Any distribution that would be less than $20 will not be distributed. If any group member is a Prohibited Person (as defined in the SDS) they will not receive a distribution.
I consider that the proposed SDS is in the interests of group members and fair and reasonable.
The SDS provides for a scheme which should distribute funds to group members within a short period of time. The bulk of the settlement sum is expected to be distributed within 13 weeks. The SDS provides for a further period in which the administrators of the scheme can remedy any errors in the first distribution and make further distributions. Approximately 13 months after the settlement receives approval, the final distribution will be made. This is a reasonable timeline and almost certainly shorter than the timeline for group members to receive a distribution if the proceeding had continued to trial and judgment reserved.
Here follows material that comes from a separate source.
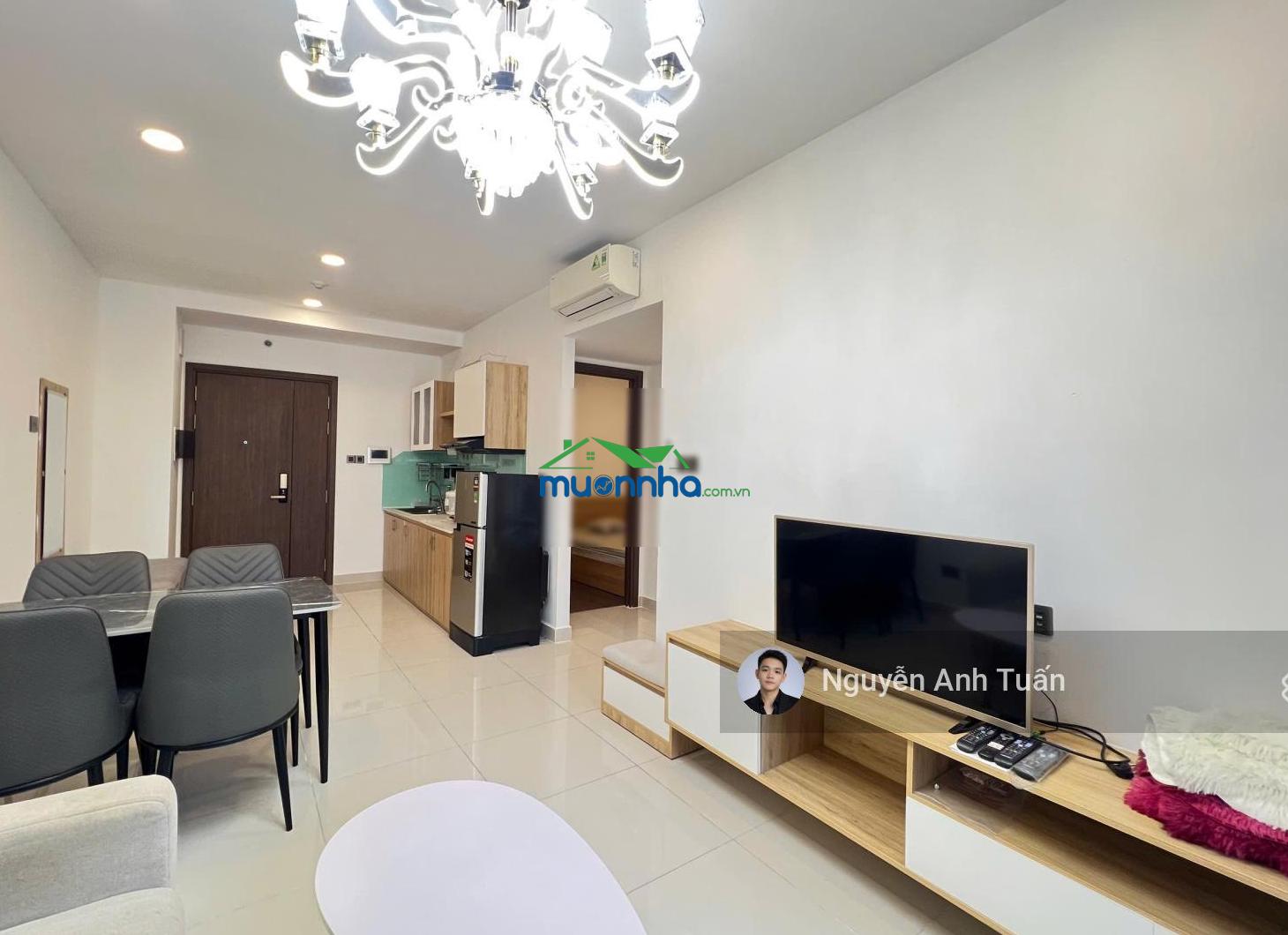 Cho thuê cc 2pn, 1wc, 65m2 tại saigon royal residence chỉ với 18 triệu vnd - tầng cao view thoáng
I accept the plaintiffs’ submission as to the procedural considerations underpinning the SDS.[63] The procedures for lodging and assessing claims are straightforward and partially complete as a result of the registration process. The loss assessment methodology is mathematical and mechanical and limits the need for checks and balances.
[63]Plaintiffs’ Submissions in Support of Application for Settlement Approval dated 23 May 2025, [73]–[75].
The exclusion of any distribution less than $20 is appropriate. The work and costs involved to facilitate such a distribution would be disproportionate to the amount distributed. The exclusion of Prohibited Persons is appropriate. A distribution to a Prohibited Person could result in the administrator breaching the law.
Under the SDS a group member’s loss will be discounted by a percentage calculated by reference to the point in time during the Relevant Period the group member purchased the shares. The extent of the discount is consistent with the risks identified in Counsels’ Opinion.
The proposed discount is fair and reasonable. The discount reflects the relative strength and weakness of the claim at the point in time in which shares were purchased. The SDS discount formula avoids the need for overly complex and individualised assessments of each particular group member’s claim. Such an approach would result in lengthy delays to the distribution of the settlement sum and increase the costs incurred in the administration of the scheme.
Appointment of settlement administrator
The plaintiffs propose that Slater and Gordon be appointed as the administrator of the SDS. The total costs estimated to be incurred by Slater and Gordon in administering the SDS are $291,991.50 inclusive of GST.[64]
[64]Costs Report, [312].
I am satisfied that Slater and Gordon should be appointed as the administrator of the SDS. I accept the plaintiffs’ submissions that:
(a) Slater and Gordon has experience in administering large and complex settlement distribution schemes in group proceedings; and
(b) it is unlikely a tender process would result in a more cost-effective settlement administration process, because Slater and Gordon has already received and processed group members’ trading data through the registration process. The processes for identifying registered group members, obtaining payment data and determining their entitlements from the Settlement Sum are straightforward.[65]
[65]Plaintiffs’ Submissions in Support of Application for Settlement Approval dated 23 May 2025, [73]–[75].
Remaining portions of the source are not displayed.